Com efeito, a reprodução parcial da declaração fundamentadora do acto de liquidação impugnado não colide com a circunstância de terem sido apurados factos diversos, que constam da decisão da matéria de facto (referimo-nos, em concreto, ao ponto K. do probatório), que se mostram, parcialmente, em oposição com os dados apresentados pela AT na fundamentação do acto.
O cerne do recurso interposto passa, assim, por saber se a sentença errou na apreciação da matéria de facto e, consequentemente, se errou ao concluir que a Administração Tributária fez prova, como estava onerada, da existência de indícios sérios e sólidos que levassem à conclusão de que as facturas contabilizadas pela Impugnante não correspondiam a reais operações.
Além do mais, “não ocorre omissão relevante de factos, com consequências anulatórias, se estes, não obstante não terem sido especificamente autonomizados na decisão da matéria de facto, se encontram referenciados e analisados na discussão jurídica da causa.” – cfr. Acórdão do TCAN, de 21/11/2019, proferido no âmbito do processo n.º 514/09.7BEPNF.
In casu, o teor do relatório de inspecção tributária (lido em articulação com os seus anexos) permite sindicar se a AT reuniu os factos-índice suficientes para efectuar as correcções em causa.

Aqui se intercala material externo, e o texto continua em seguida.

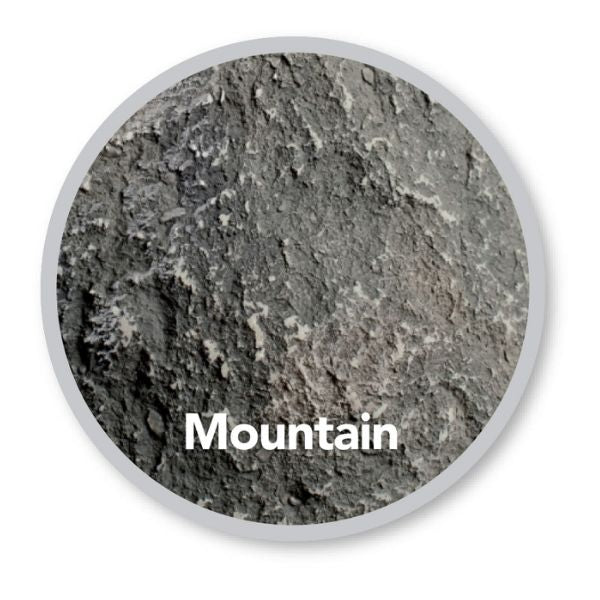 Medium Rock Lid - Mountain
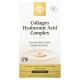 Solgar, Collagen Hyaluronic Acid Complex (30 таб.), биоактивный коллаген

Porém, a Recorrente defende, ainda, que o tribunal recorrido concluiu em clara contradição entre os fundamentos e a decisão que consta da sentença recorrida, ou pelo menos, existe ambiguidade ou obscuridade que torna a decisão ininteligível, com violação do plasmado no artigo 615.º, n.º 1, alínea c) do CPC e artigo 125.º do CPPT, causa de nulidade da sentença – cfr. conclusões 7.ª, 45.ª e 46.ª das alegações do recurso.
Sustenta a Recorrente que tal ambiguidade ou obscuridade também resulta do referido na sentença, na página 35/53, na motivação da decisão da matéria de facto, onde se refere o seguinte: “Sobressai ainda do confronto entre o teor do relatório inspetivo com o depoimento das testemunhas e parte e com os documentos constantes dos autos que é incontroversa a realização dos trabalhos que constam das faturas-recibo de AA. O que a IT coloca em causa é que este tenha procedido à sua realização nos termos relevados pelas faturas-recibo que emitiu”.
Nos termos do preceituado no citado artigo 615.º, n.º 1, alínea c), do Código de Processo Civil, é nula a sentença quando os seus fundamentos estejam em oposição com a decisão ou ocorra alguma ambiguidade ou obscuridade que torne a decisão ininteligível.
Encontramo-nos perante um corolário lógico da exigência legal de fundamentação das decisões judiciais em geral consagrado no artigo 154.º, n.º 1 do Código de Processo Civil. O vício em análise, o qual tem como premissa a eventual violação do necessário silogismo judiciário que deve existir em qualquer decisão judicial, terá lugar, como referimos, somente quando os fundamentos da sentença devam conduzir, num processo lógico, a uma decisão oposta ou, pelo menos, diferente da que foi adoptada.
No processo judicial tributário o vício de oposição entre os fundamentos e a decisão, como causa de nulidade da sentença, está previsto no artigo 125.º, nº. 1, do Código de Procedimento e de Processo Tributário.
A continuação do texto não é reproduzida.